Le procédé consiste à enregistrer un court extrait du livre par l’auteur, puis l’intelligence artificielle prend le relais pour lire le reste du texte avec la même intonation, créant ainsi une expérience d’écoute cohérente et réaliste.
Certains auditeurs préfèrent néanmoins la voix humaine, qui offre une proximité plus grande et une intonation plus nuancée.
Livres audio à voix synthétiques : une stratégie pour démocratiser l’accès
La plateforme de streaming Spotify a investi un million d’euros dans la production de livres audio narrés par des voix artificielles, utilisant des technologies d’IA de plus en plus précises pour imiter la voix humaine.
Spotify souligne que les coûts élevés de production et la dépendance aux livres audio limitent la disponibilité de contenus en français.
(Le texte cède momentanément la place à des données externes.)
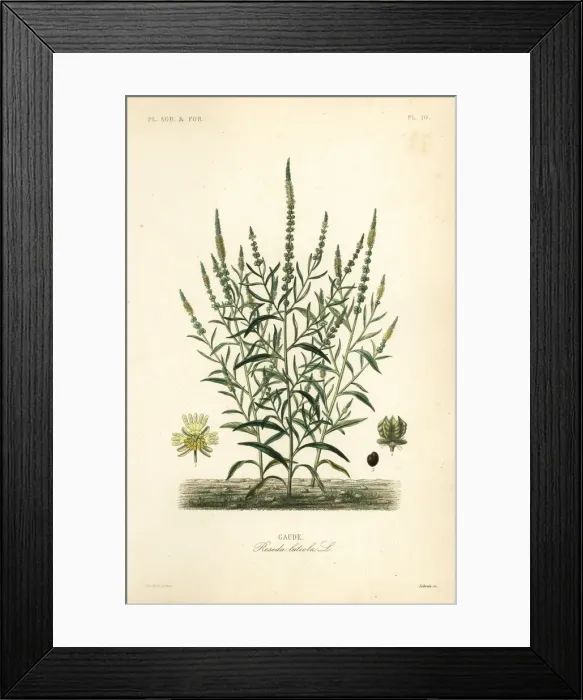 Framed Print : Dyers rocket or dyers weed Framed Print : Dyers rocket or dyers weed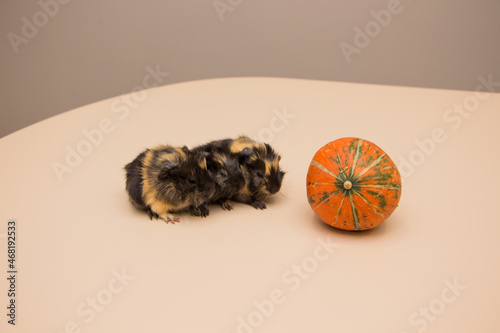 Little guinea pig with yellow pumpkin. October. halloween 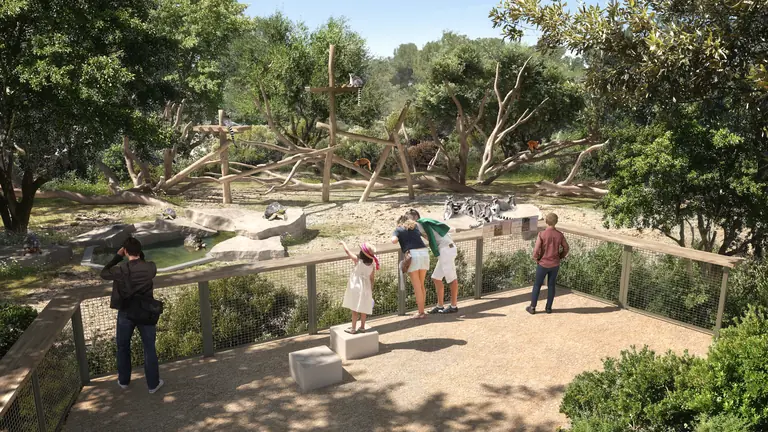 À Montpellier, 29 mois sans zoo avant sa métamorphose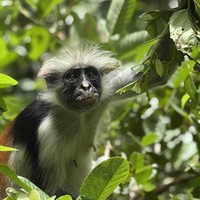 Фото отзыва 3: экскурсия "Ароматы и чудеса Занзибара: лес Джозани и ферма специй"
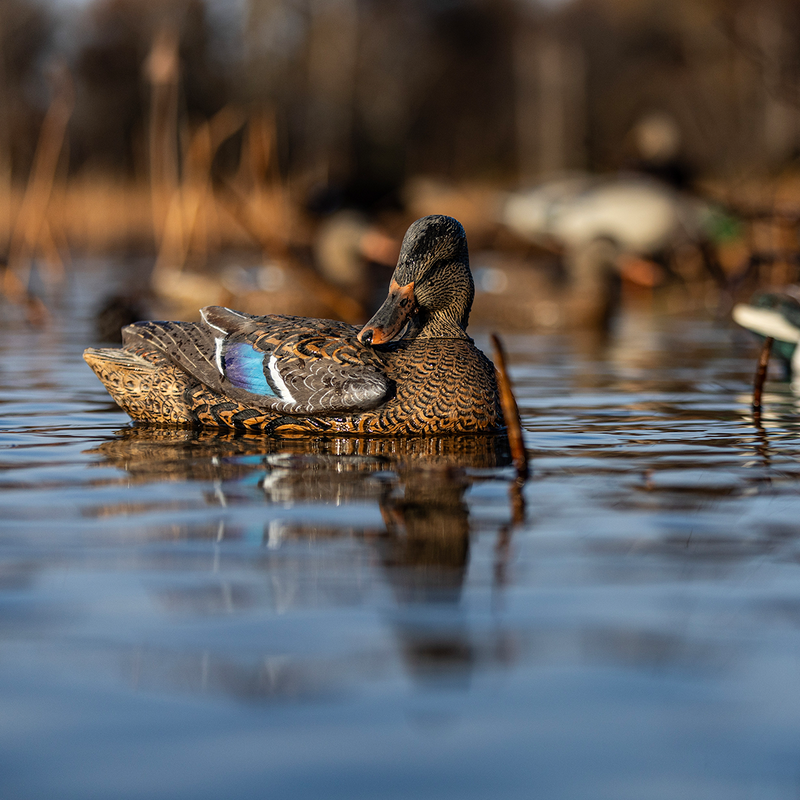 Avian-X - Topflight Mallards Sleeper Preener Pack 6 Floating Decoys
Les voix synthétiques pourraient ainsi élargir l’offre tout en réduisant les coûts, rendant les livres audio accessibles à un public plus large.
La plateforme affiche une transparence totale, indiquant clairement si la voix utilisée est humaine ou synthétique, laissant ainsi le choix à l’auditeur.
Spotify ne délaisse pas pour autant les narrations humaines, continuant à soutenir ces productions en partenariat avec des maisons d’édition. Arthur de Saint-Vincent, PDG de la maison d’édition Augo, a déclaré à l’AFP que Spotify aide les éditeurs en finançant une partie des coûts de production.
Dans le cadre d’un partenariat entre Augo et la maison mère Gléna, 200 nouveaux livres audio seront produits dans les trois prochaines années. Selon Arthur de Saint-Vincent, l’objectif est de garantir une qualité élevée grâce au choix rigoureux des voix et à la collaboration avec des comédiens professionnels, tout en préservant les valeurs éditoriales et artistiques.
Cependant, cette approche reste inaccessible à nombre de petites maisons d’édition, qui ne disposent pas des ressources nécessaires pour suivre ces investissements importants.
Pourquoi la voix humaine reste privilégiée
En 2021, Audible, la plateforme mondiale leader des livres audio détenue par Amazon, expliquait sur son site français :
- Initialement, les livres audio utilisaient des voix synthétiques générées par ordinateur.
- Aujourd’hui, la voix humaine est préférée car elle offre une proximité plus grande avec l’auditeur.
- Elle confère au texte une intonation plus profonde et chaleureuse.
Pourtant, quatre ans plus tard, une recherche du terme « voix virtuelle » dans la bibliothèque anglaise d’Audible donne plus de 50 000 résultats, majoritairement d’auteurs indépendants, preuve de l’expansion rapide de cette technologie.
Les avis du public sur la qualité varient :
- Certains saluent la rapidité des progrès technologiques.
- D’autres doutent de la capacité de ces voix à transmettre les émotions et les complexités des personnages littéraires.
Sur la plateforme X, Alessia, auteure anglophone publiant sur Amazon, a écrit : « Je ne pense pas que la narration par intelligence artificielle soit capable de transmettre les émotions des personnages de façon convaincante. »
Si les voix artificielles ne bafouillent pas et prononcent correctement les noms, elles restent limitées dans leur expressivité. Elles peinent à exprimer l’agacement, la gêne, le rire ou les larmes, et manquent de nuances dynamiques comme l’accélération ou le ralentissement en fonction du rythme narratif.